Many CI pipelines already deploy compiled artifacts to testing environments after building them, which makes it a great place to run DAST tools against those environments automatically, along with your other automated test suites.
As with SAST tools, a variety of both commercial and open source DAST options are available. Popular open source options include the OWASP Zed Attack Proxy (ZAP) and Arachni. Commercial solutions are available from snyk, Veracode, Fortify, and many more. Most of these tools are available as plugins for Jenkins, GitHub Actions, CircleCI, etc. for easy integration into your existing process. A much more comprehensive list of vulnerability scanners is also available from OWASP.
Dependency Checks (SCA)
Open source components are the primary building blocks of most modern software, and vulnerabilities introduced by library dependencies are often overlooked. Using components with known vulnerabilities is one of the OWASP Top 10, but tools that do exhaustive checks of this sort are too time consuming to run earlier in the SDLC.
Software Composition Analysis (SCA) is a process that checks the open source libraries used by your application for known vulnerabilities, as well as the additional libraries transitively used by them, and so on. GitHub provides Dependabot, which is a great option. OWASP provides an open-source tool called Dependency-Check as well as a comprehensive guide to selecting an SCA tool, and there are commercial offerings from snyk and many others.
Aggregate and De-duplicate
Unlike unit and integration tests, which provide a simple pass/fail when run against application code, security vulnerability scanners produce findings in the form of known vulnerabilities that are classified with varying levels of severity.
It’s up to your application security team to make the call about what needs to be remediated, and what risk can be accepted, but you can make the task easier for everyone involved by aggregating the results and displaying them in a vulnerability dashboard.
Vulnerability management tools like OWASP’s DefectDojo or ThreadFix integrate with many security scanning tools, automatically remove many duplicates, and present a convenient dashboard for your application security team to manage the vulnerabilities that are found. These tools also allow you to collect metrics about what vulnerabilities are found over time.
Provide Automated Feedback
Finally - information about the results of the various security tools run throughout the pipeline should be fed back to developers automatically via the normal communications channels they use to manage their projects.

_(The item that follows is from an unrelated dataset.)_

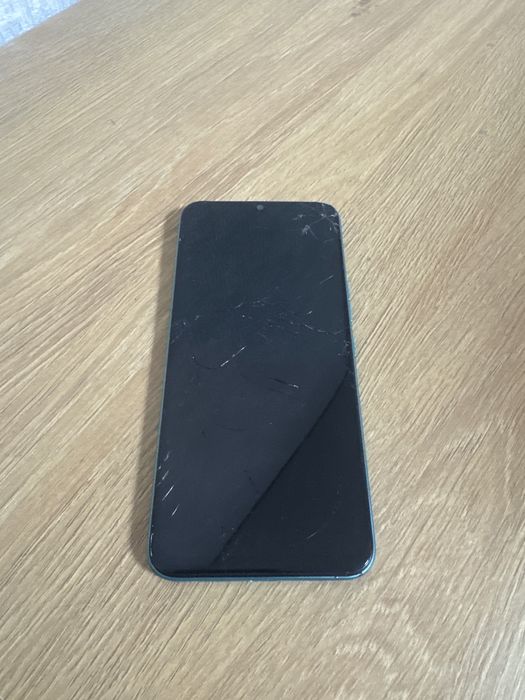 Техно спарк 8с (розбитий дисплей)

For example, if your pipeline identifies a vulnerability that requires a fix and your development team uses Jira, have a ticket automatically filed in Jira so the team can easily integrate the fix with their normal workflow. Slack or other realtime team communication tools are also a great way to notify developers of findings, provided the signal to noise ratio can be kept to a useful level.
A fully functional application security pipeline involves a lot of moving parts and can be as complicated as you care to make it. Hopefully the above provides some simple, actionable steps you can take to incrementally improve whatever application security process you already have in place.